Q2: Monitor the volume of incoming traffic received by all hosts within the organization.
Q3: Monitor the volume of incoming SYN packets received by all hosts within the organization.
Q4: Monitor the volume of outgoing DNS lookup requests originating from within the organization.
Q5: Monitor the volume of remote login (telnet, ssh, ftp, etc.) requests received by hosts within the organization that originate from external hosts.
The hosts update the query answers once every second. Using a one-minute moving window, we define the data object for each query answer as the average number of packets per second over the last 60 seconds at any time. Each query answer is therefore a continuously changing numerical data object.
Every second, the 10 hosts notify the central coordinator of query answers if there are changes. The central coordinator aggregates the queries answers from all hosts to obtain the overall query answers for the 5 queries.
2. The Data Approximation Algorithm
To reduce the communication cost between the central coordinator and the 10 hosts, an adaptive data approximation algorithm is implemented in the network traffic monitoring system. (Please refer to “Adaptive Filters for Continuous Queries over Distributed Data Streams” at http://dbpubs.stanford.edu:8090/pub/2002-55.)
For each query, the central coordinator is given a precision constraint C, which is a numerical number. At any time, the central coordinator is required to give an interval of width C that contains the precise data value of the answer to this query. I.e., if the precise query answer is V, the central coordinator gives [L, U] such that U – L = C and L <= V <= U. Based on some policy, the central coordinator divides the overall constraint C for a query over 10 hosts, and assigns constraint Ci to host i. (The sum of all Ci’s is C.) While host i keeps a precise data value Vi for its query answer, it only sends to the central coordinator an interval [Li, Ui] of width Ci that contains the precise data value Vi. Over time, as long as Vi remains within the old [Li, Ui] the host does not need to send the same interval to the central coordinator. Only when Vi moves out of the interval [Ui, Li] will the host update Ui and Li, and notify the central coordinator of the new [Li’, Ui’] that contains the new data value. Note that Ui’ – Li’ = Ci must still hold. Hence communication cost is reduced.

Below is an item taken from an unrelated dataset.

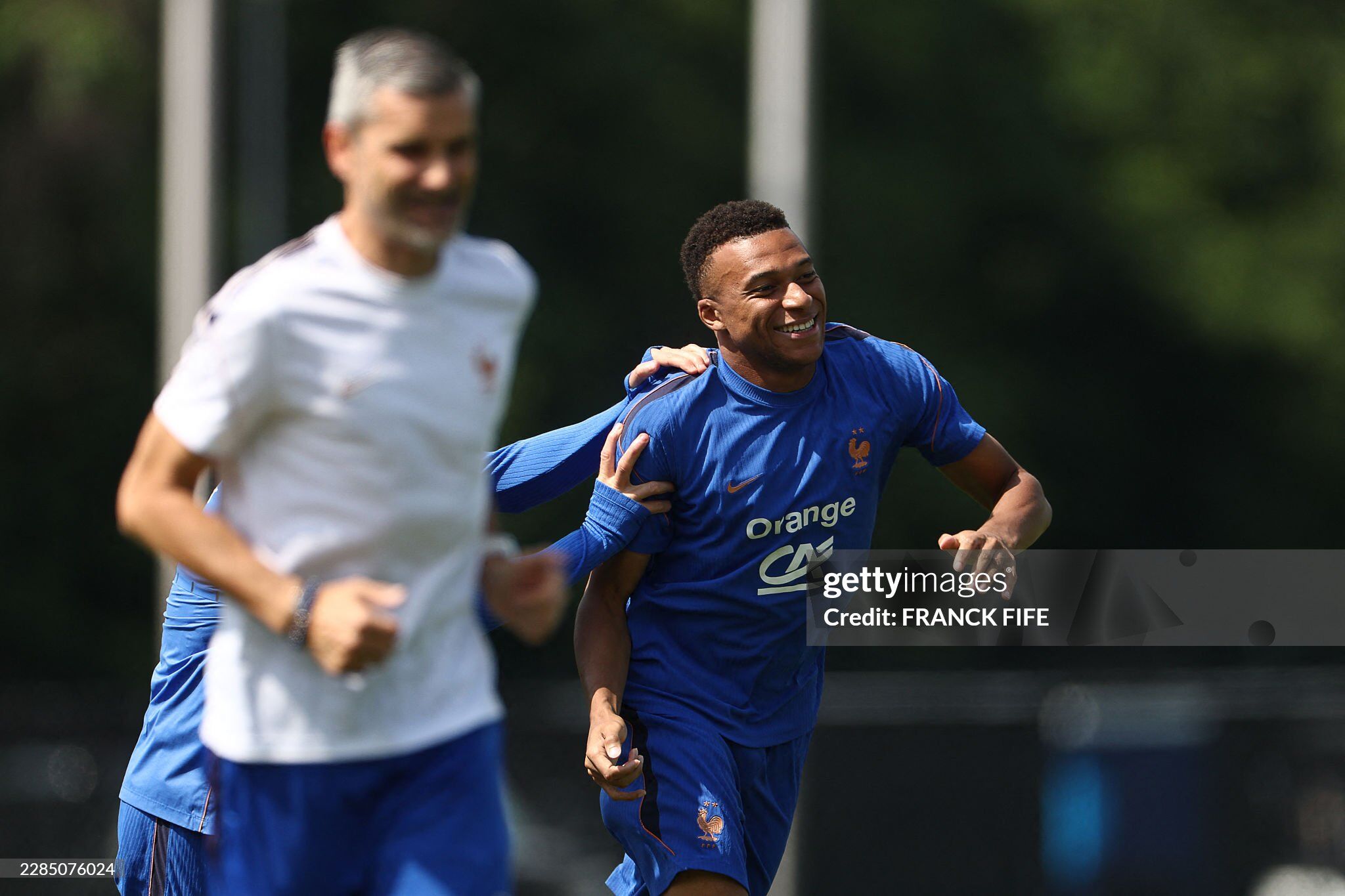 Mbappe tập luyện trở lại, dù vẫn phải tập với giáo án riêng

The central coordinator adaptively reassigns new constraint Ci’s to 10 hosts, according to the data-changing rates at different hosts. Intuitively, a data object with large fluctuation will be assigned a loose constraint, while a data object that varies within small boundary will be assigned a tight constraint. The sum of the constraints for a certain query at 10 hosts always remains the same. This policy ensures that the communication cost is reduced as much as possible.

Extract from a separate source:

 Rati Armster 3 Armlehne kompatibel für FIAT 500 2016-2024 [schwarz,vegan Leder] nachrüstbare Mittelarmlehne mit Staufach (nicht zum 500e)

To best capture the change of the intervals sent from the hosts, we use two parameters to represent an interval. The center is the midpoint between the lower bound and the upper bound of an interval, and is updated by the host. The width is the width of the interval, and is modified by the central coordinator. A (center, width) pair fully describes an interval for a data object.
3. Data Files
We ran our system for a few weeks, and collected and recorded the network traffic rate during this time.
We have a set of files, each containing the network traffic data within a day. Each time a host sent the central coordinator the new interval for a data object, a log record was written to the file by the central coordinator, specifying the host name, the query number, the interval, and the timestamp.

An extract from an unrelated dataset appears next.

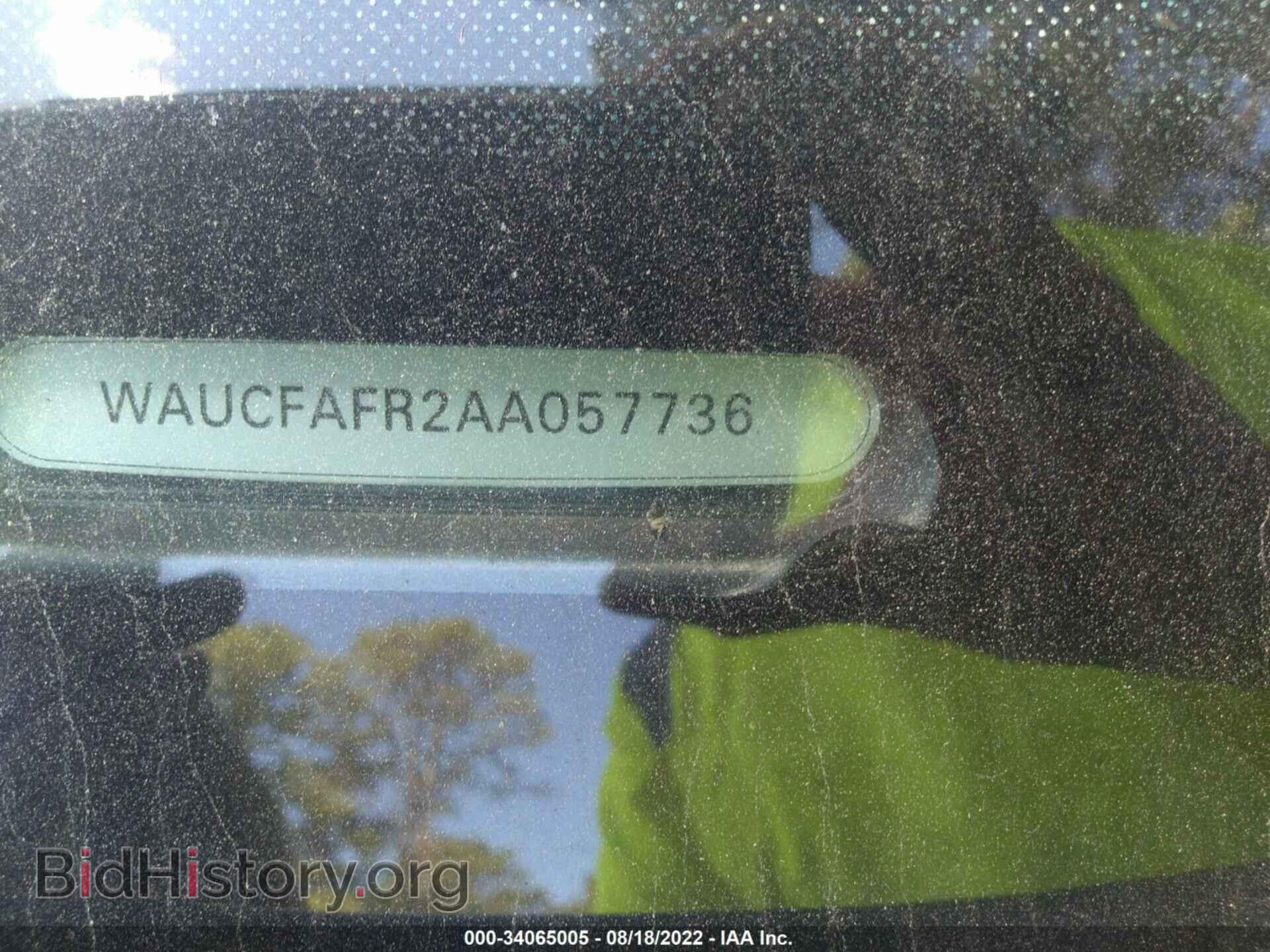 2010 AUDI A5 - VIN: WAUCFAFR2AA057736 - Фото 9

A record is of the following format:
Query-Host Interval Center Interval Width Timestamp
E.g., record
“Q2-5 0.083333 0.020000 5”
means at the fifth second of the day, host 5 sent to the central coordinator its query answers for Q2, and the interval has center 0.083333 and width 0.020000. We could conclude that the precise query answer lies between 0.073333 and 0.093333. To make it easier for later processing, upon each update from a host, we also update the aggregation of the query answer at the central coordinator. So right after the above record, we should see another record that looks something like
“Q2-all 0.533333 0.200000 5”,
which means the overall query answer for Q2 at the fifth second of the day was updated to lie between 0.433333 and 0.633333.
At the beginning of each file, we also included the starting time and ending time of the data contained in the file. So if a file started on “Jan 20, 2003 23:39”, timestamp n in a recorded should be interpreted as the n’th second starting from then.